The data below is to be written out exactly, with no pictures.

Content starts

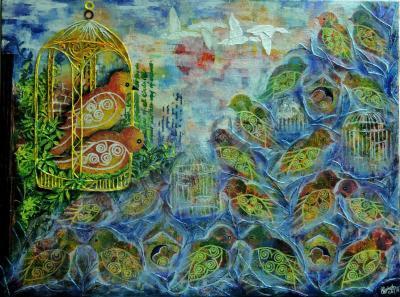 Animals - Birds - Freedom In Confinement - Mixed Media On Canvas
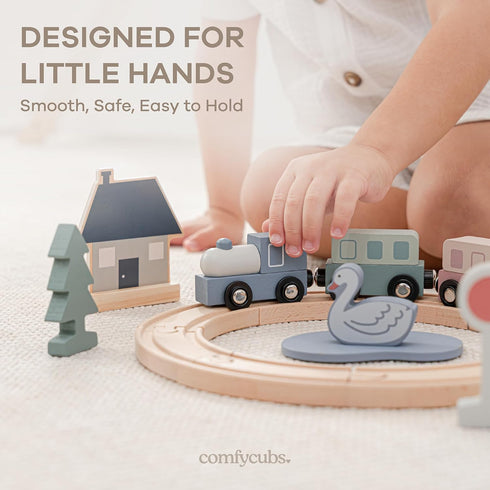 30-Piece Set 1+, Set Comfy Cubs Wooden Train for Toddlers Ages Fun & Eco Friendly Toddler Train with Wooden Toy Tracks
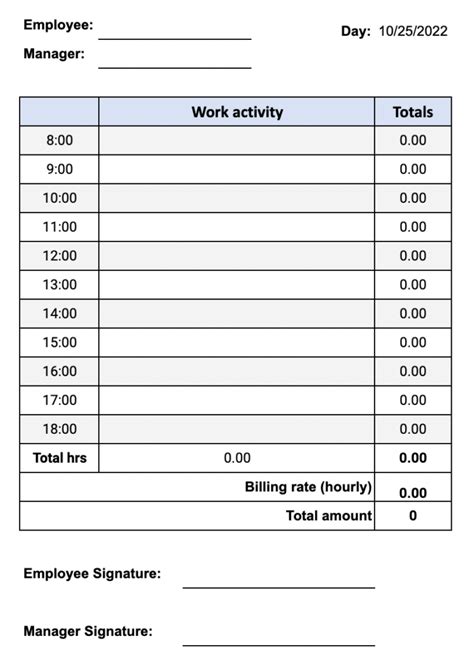 Google Sheets Time Tracking Template Lunch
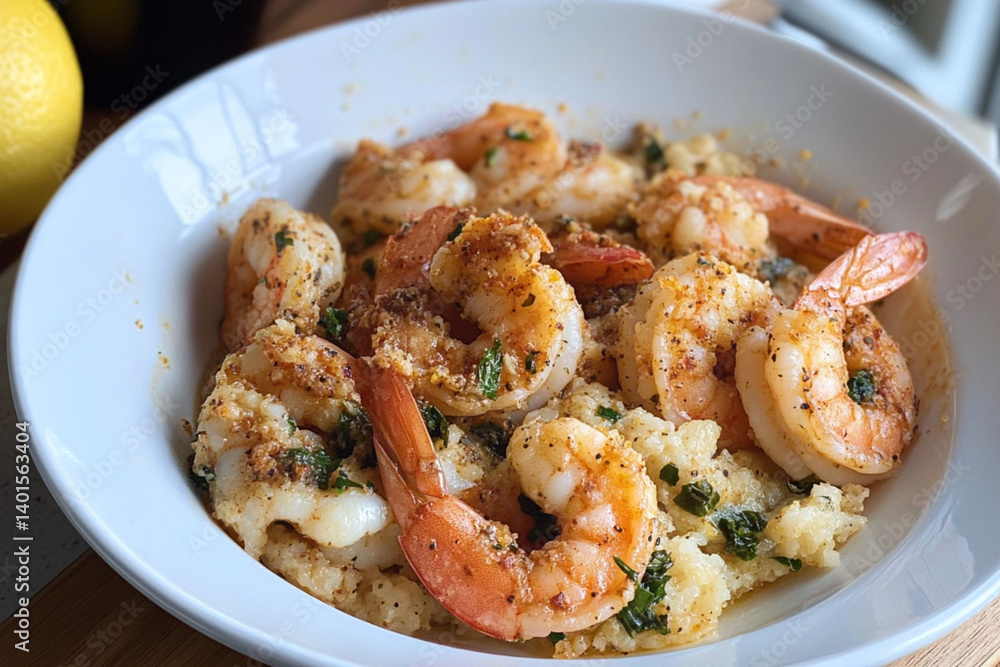 Shrimp Oreganata with White Wine and Lemon Butter. Shrimp Oreganata with White Wine and Lemon Butter.
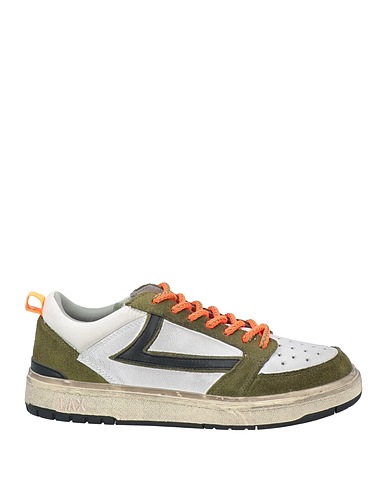HTC Sneakers Military green Leather, Textile fibres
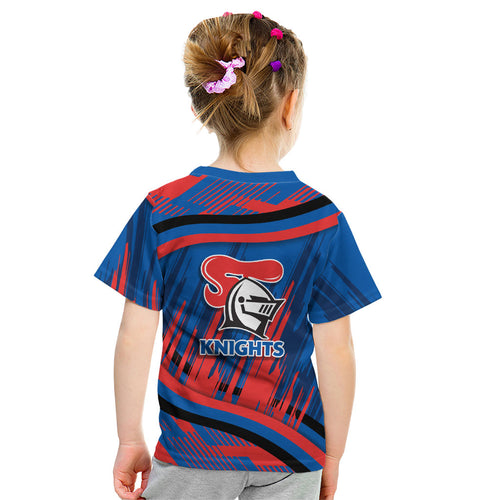 Newcastle Knights Rugby Mascot Kid T Shirt Fierce Athlete Graphic in Sports Style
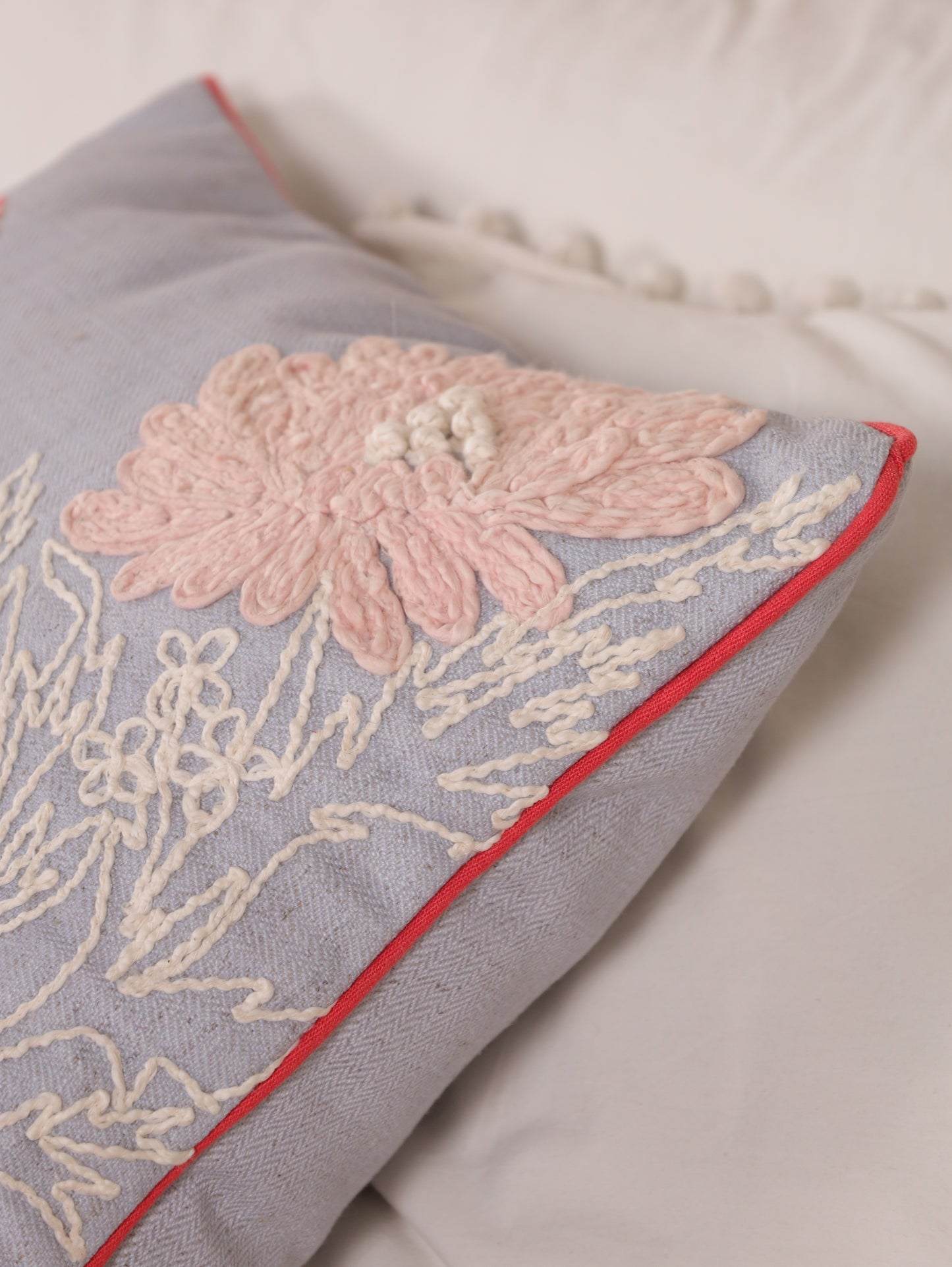 Big floral Embroidered Cushion cover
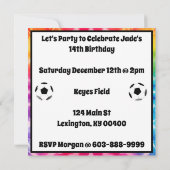 Soccer Girl Personalisierte Krawatte Dye Rainbow B Einladung (Rückseite)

Content ends

**Solution**
 Animals - Birds - Freedom In Confinement - Mixed Media On Canvas
 30-Piece Set 1+, Set Comfy Cubs Wooden Train for Toddlers Ages Fun & Eco Friendly Toddler Train with Wooden Toy Tracks
 Google Sheets Time Tracking Template Lunch
 Shrimp Oreganata with White Wine and Lemon Butter. Shrimp Oreganata with White Wine and Lemon Butter.
HTC Sneakers Military green Leather, Textile fibres
 Newcastle Knights Rugby Mascot Kid T Shirt Fierce Athlete Graphic in Sports Style
 Big floral Embroidered Cushion cover
 Soccer Girl Personalisierte Krawatte Dye Rainbow B Einladung (Rückseite)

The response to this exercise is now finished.